- YOUR INSTRUCTIONS
Below, find the line containing "Detailed close-up showing"; from there to the final line, print every line exactly and skip the pictures.

- Crawled caption data

"""

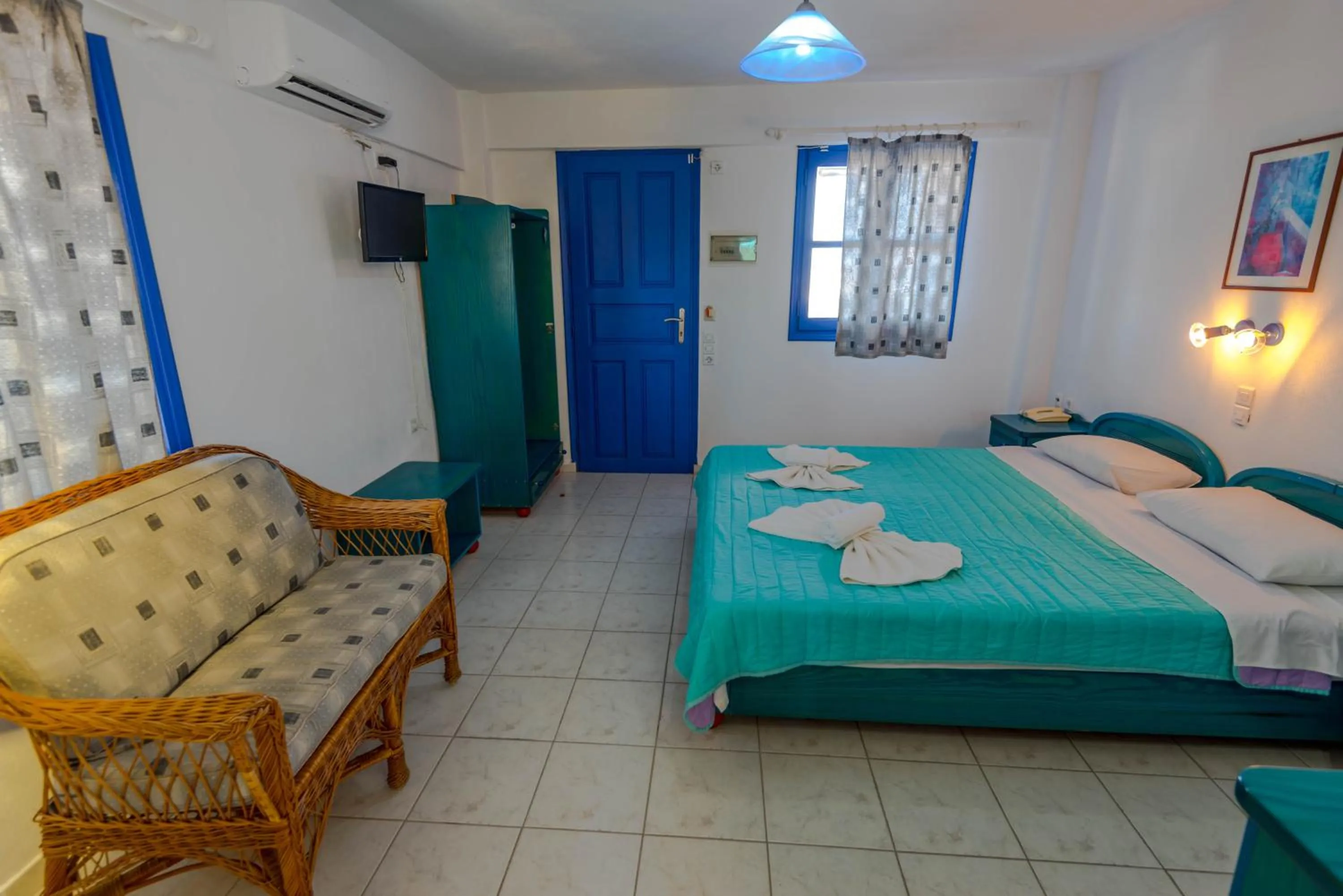 Living room, Bed in Caldera View Resort - Adults Only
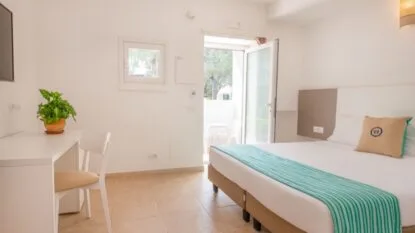 Camera d'albergo luminosa con letto matrimoniale, scrivania bianca, pianta, porta finestra aperta verso terrazza esterna.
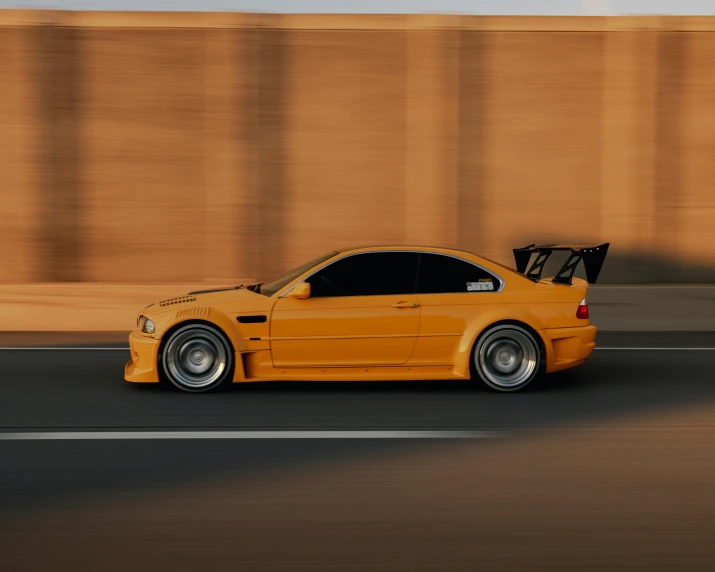 an orange car speeding down the road with no one in sight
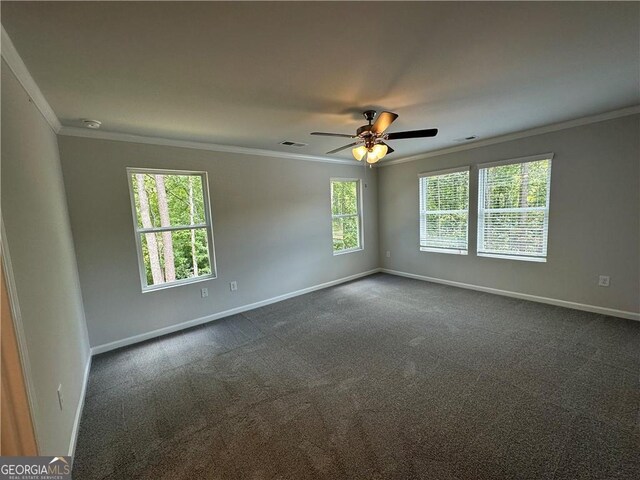 empty room featuring baseboards, ornamental molding, dark carpet, and visible vents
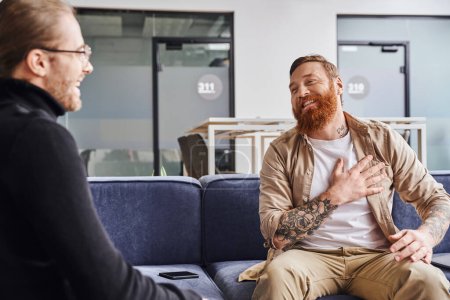 grateful, bearded and tattooed entrepreneur touching chest during conversation with business partner on couch in modern office environment, business collaboration concept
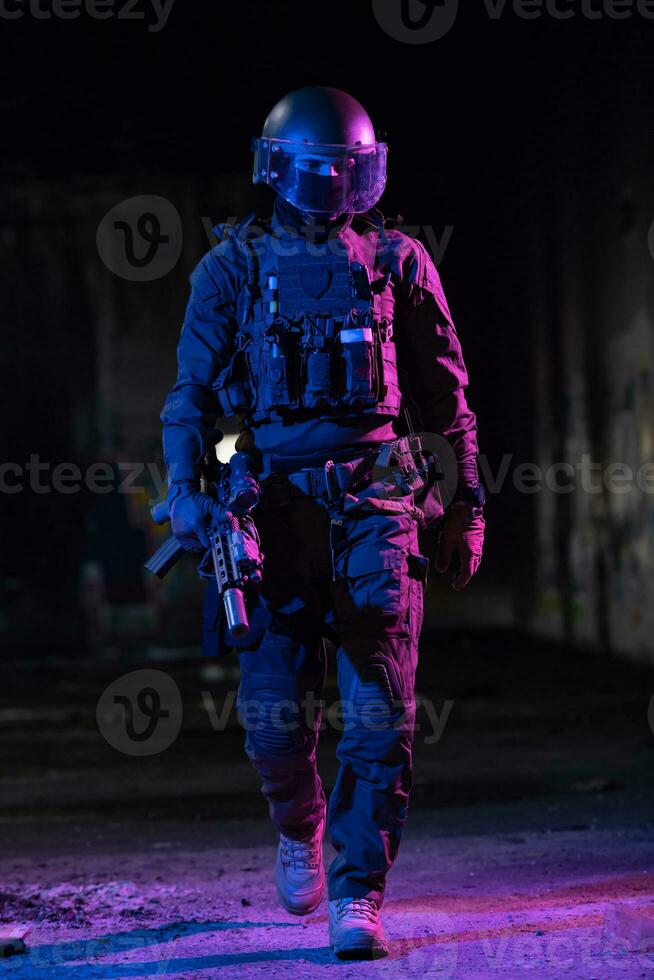 Army soldier in Combat Uniforms with an assault rifle and combat helmet night mission dark background. Blue and purple gel light effect. photo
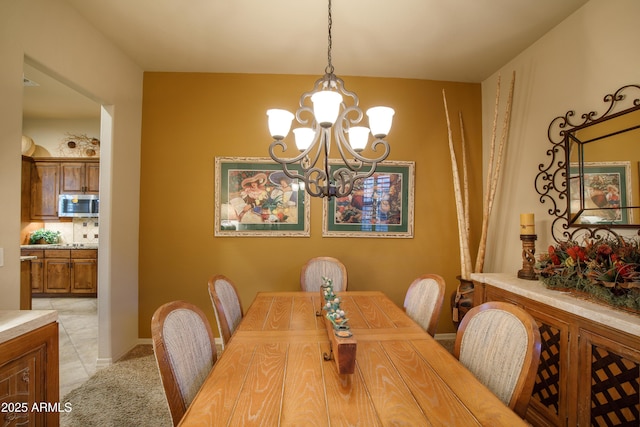 dining room featuring a notable chandelier and light tile patterned flooring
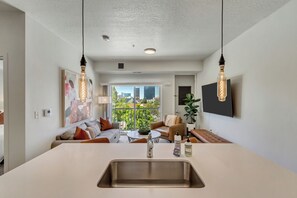 Ein modernes Wohnzimmer mit einer zentralen Insellösung, einem Sofa, einem Couchtisch und Blick auf die Stadt.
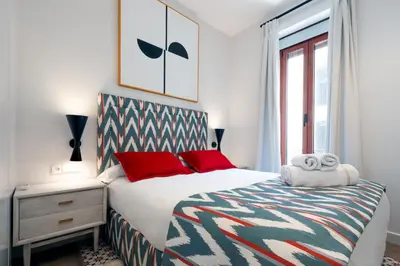 a bedroom with a bed with red pillows and a window at La Casa del Mar-Cabañal 3BR Suites in Valencia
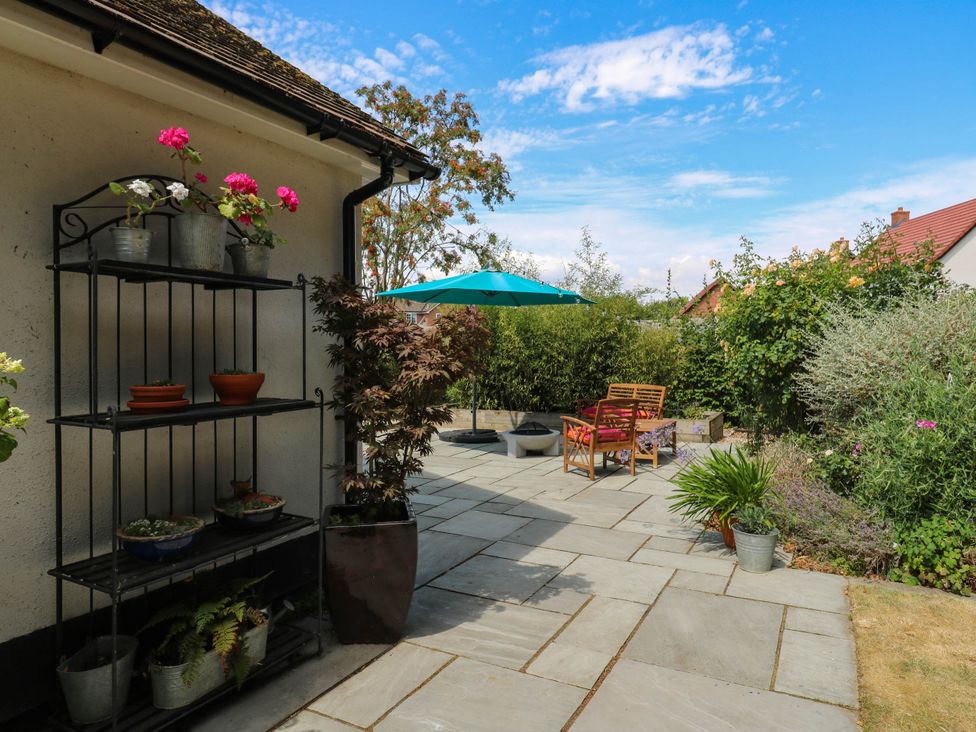A garden with a shelving unit and seating area at The Annexe @ Shotley Cottage in Shotley Gate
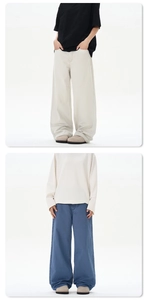 Detailed close-up showing the premium texture and loose fit of cream-white denim pants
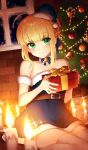  1girl ahoge artoria_pendragon_(all) bare_shoulders bell belt blonde_hair blue_bow blue_dress blue_headwear blush bow box braid candle candy candy_cane choker christmas christmas_tree closed_mouth commentary craft_essence dress fate/grand_order fate_(series) food french_braid gift gift_box green_eyes hair_bun hat holding holding_gift looking_at_viewer official_art present_for_my_master saber sakura_yuki_(clochette) santa_costume santa_hat short_dress short_hair sitting smile solo thighhighs wariza white_legwear white_neckwear window zettai_ryouiki 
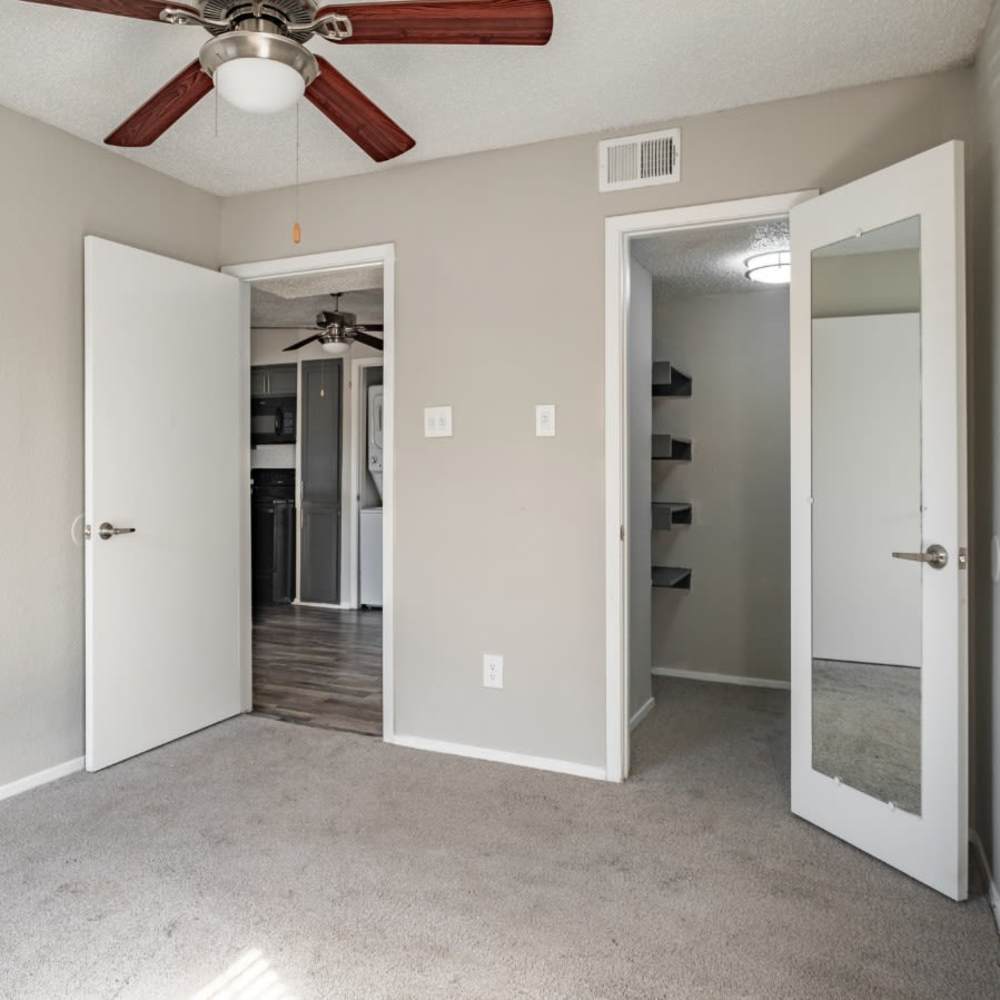 Bedroom with connecting rooms at http://g5-assets-cld-res.cloudinary.com/image/upload/v1763061303/g5/g5-c-5w3qkhnot-devonshire-real-estate-asset-management/g5-cl-1qh6zo3r0a-devonshire-real-estate-asset-management-dallas-tx/uploads/Bedroom_lsxkyk.jpg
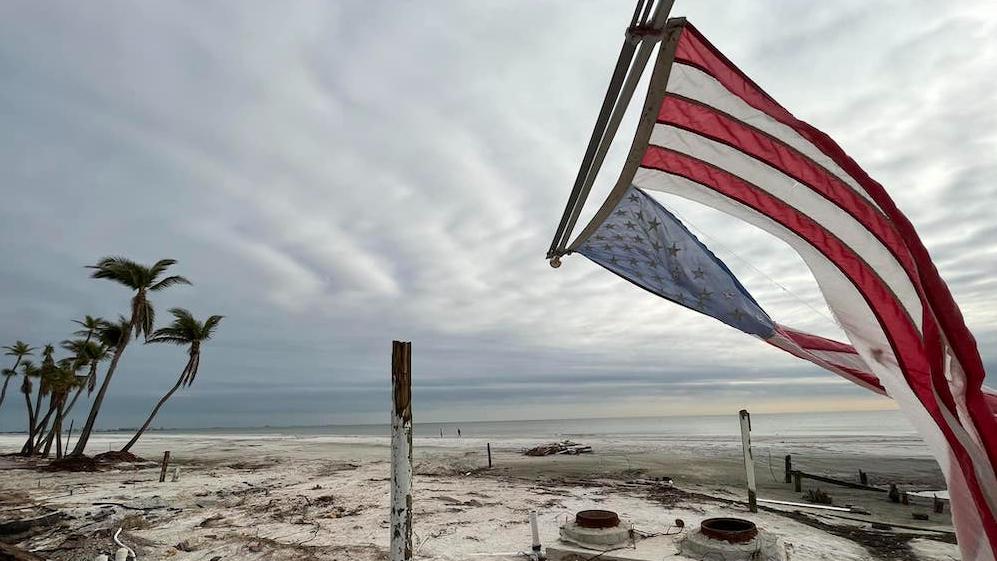 Photo of a beach after a hurricane with an American flag torn and hanging down off of a house's roof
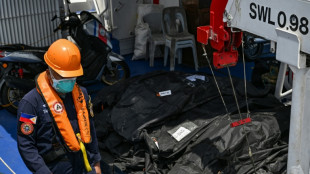Philippine rescuers pull more victims from charred ferry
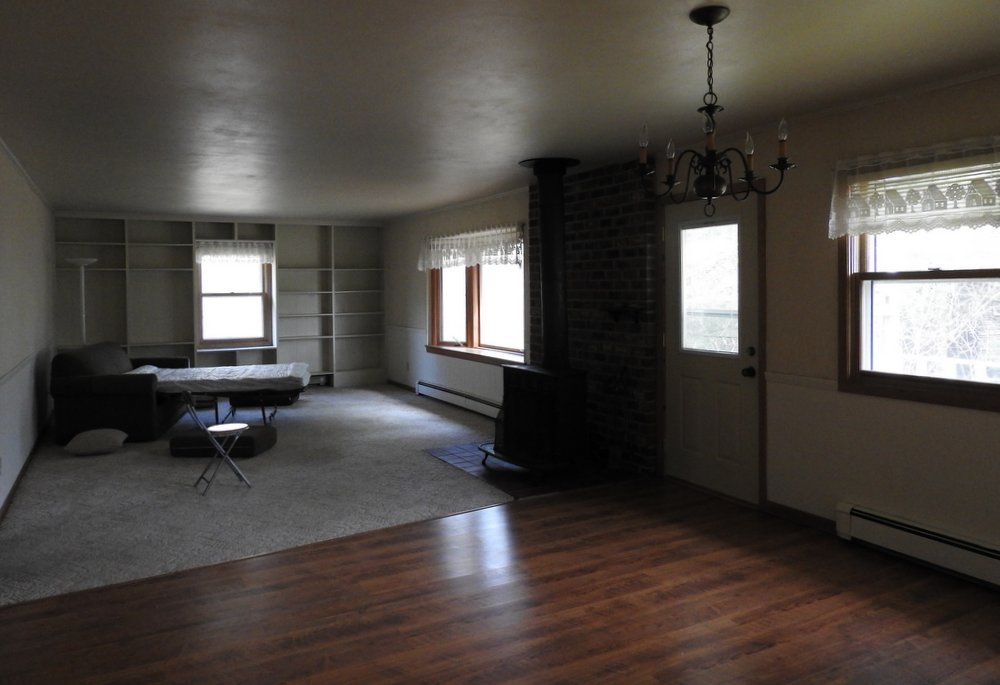 Both the kitchen and the front entry way lead to the dining room and living room.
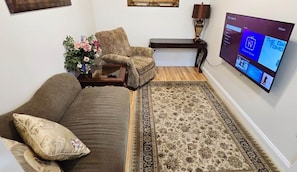 Un salon comprenant un canapé, un fauteuil, une table basse et un téléviseur à écran plat fixé au mur.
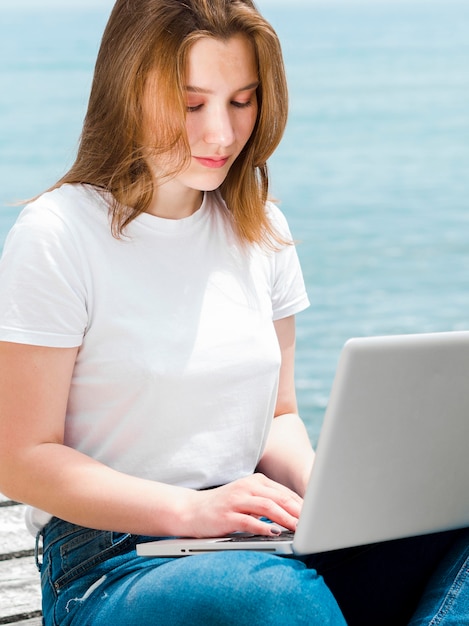 Frau am Strand arbeitet am Laptop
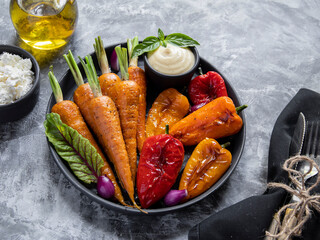 baked roast baby carrots, bell pepper in a plate, basil and spices vegan dish close up, white sauce, goat cheese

"""

- WRITTEN SOLUTION
 Detailed close-up showing the premium texture and loose fit of cream-white denim pants
  1girl ahoge artoria_pendragon_(all) bare_shoulders bell belt blonde_hair blue_bow blue_dress blue_headwear blush bow box braid candle candy candy_cane choker christmas christmas_tree closed_mouth commentary craft_essence dress fate/grand_order fate_(series) food french_braid gift gift_box green_eyes hair_bun hat holding holding_gift looking_at_viewer official_art present_for_my_master saber sakura_yuki_(clochette) santa_costume santa_hat short_dress short_hair sitting smile solo thighhighs wariza white_legwear white_neckwear window zettai_ryouiki 
 Bedroom with connecting rooms at http://g5-assets-cld-res.cloudinary.com/image/upload/v1763061303/g5/g5-c-5w3qkhnot-devonshire-real-estate-asset-management/g5-cl-1qh6zo3r0a-devonshire-real-estate-asset-management-dallas-tx/uploads/Bedroom_lsxkyk.jpg
 Photo of a beach after a hurricane with an American flag torn and hanging down off of a house's roof
Philippine rescuers pull more victims from charred ferry
 Both the kitchen and the front entry way lead to the dining room and living room.
 Un salon comprenant un canapé, un fauteuil, une table basse et un téléviseur à écran plat fixé au mur.
 Frau am Strand arbeitet am Laptop
 baked roast baby carrots, bell pepper in a plate, basil and spices vegan dish close up, white sauce, goat cheese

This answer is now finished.